Fachbeiträge & Interviews
Donnerstag, 22. August 2019
Ausgabe 6576 | Nr. 234 | 19. Jahrgang
Autor: Fabian Hesse
Herausgeber: bauingenieur24 Informationsdienst email-weiterempfehlendruckansicht

Bolzenanker: Europäisch Technische Zulassung (ETA) für Erdbebengebiete

# 02.10.2013

Hersteller verspricht gleichen Halt bei reduzierter Verankerungstiefe. Unterschiedliche Ausführungen ermöglichen breite Anwendung. Zahlreiche Sicherheitsstandards erfüllt

Verankerungen von Geländern, wie z.B. an Balkonen oder Podesten, sollen auch bei Erdbeben halten. Foto: fischerwerke Verankerungen von Geländern, wie z.B. an Balkonen oder Podesten, sollen auch bei Erdbeben halten. Foto: fischerwerke

Für Befestigungen von Bauteilen verschiedenster Art gibt es eine neue Lösung.
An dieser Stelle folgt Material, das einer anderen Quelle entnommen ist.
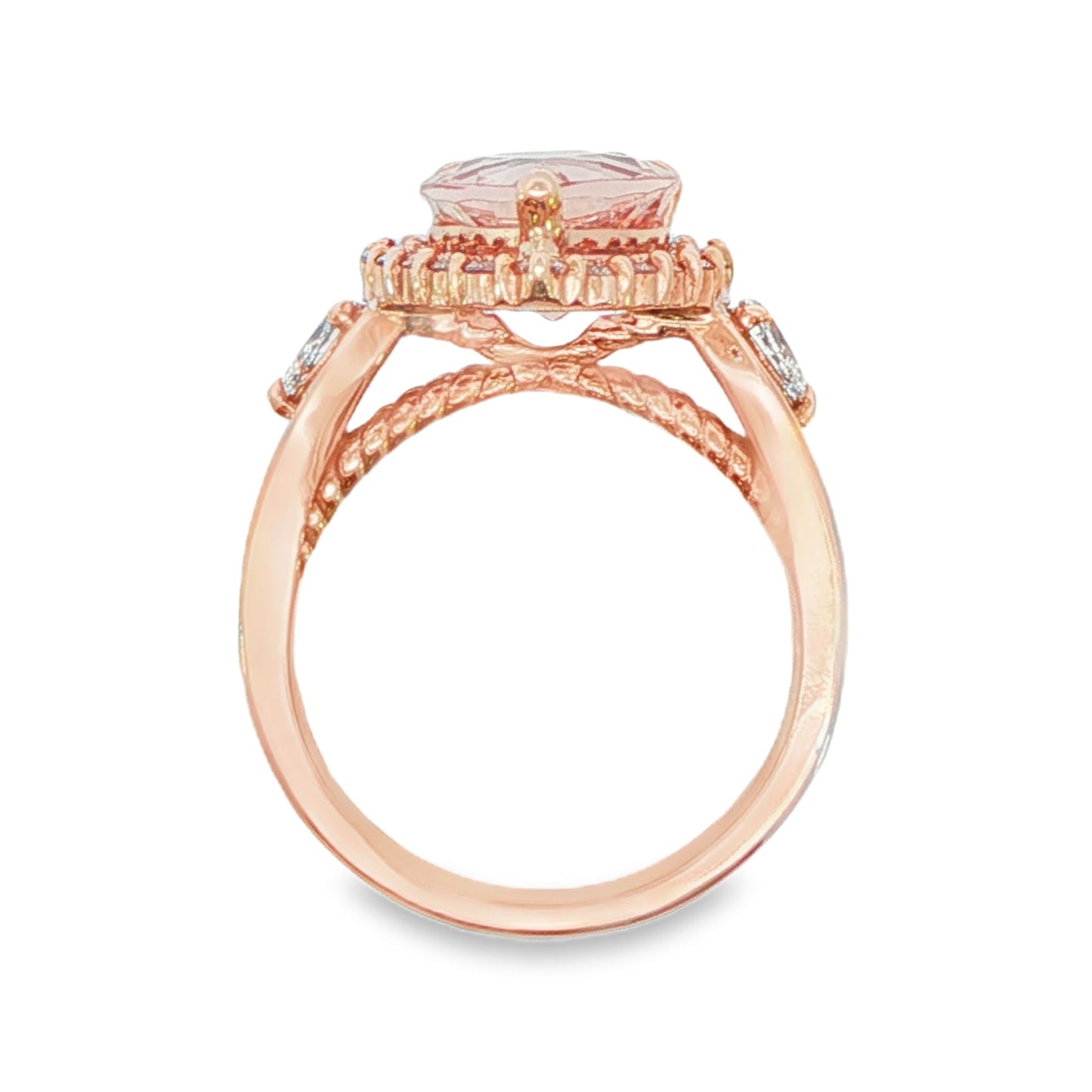 14K Rose gold ring set with a pear shape morganite surrounded with a diamond halo. Item J33283 - ABC Jewelry Co.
Die Unternehmensgruppe fischer hat das Sortiment ihres Bolzenankers FAZ II erweitert, wobei eine zweite, reduzierte Verankerungstiefe, ein längeres Gewinde, eine spezielle U-Scheibe für den konstruktiven Holzbau und die Zulassungserweiterung für Seismik C1 neue Maßstäbe setzen sollen.

Schnellere Montage bei geringerem Verschleiß
Die reduzierte Verankerungstiefe bei den Versionen M10, M12 und M16 sorge für eine spürbar schnellere Montage, heißt es vom Unternehmen. "Durch die deutlich geringeren Bohrlochtiefen verringert sich der Bohraufwand gegenüber den Standardabmessungen um rund 27 Prozent", so der Hersteller weiter. Geringere Bohrzeiten und weniger Bewehrungstreffer führten zu einer erheblichen Zeit- und Materialersparnis.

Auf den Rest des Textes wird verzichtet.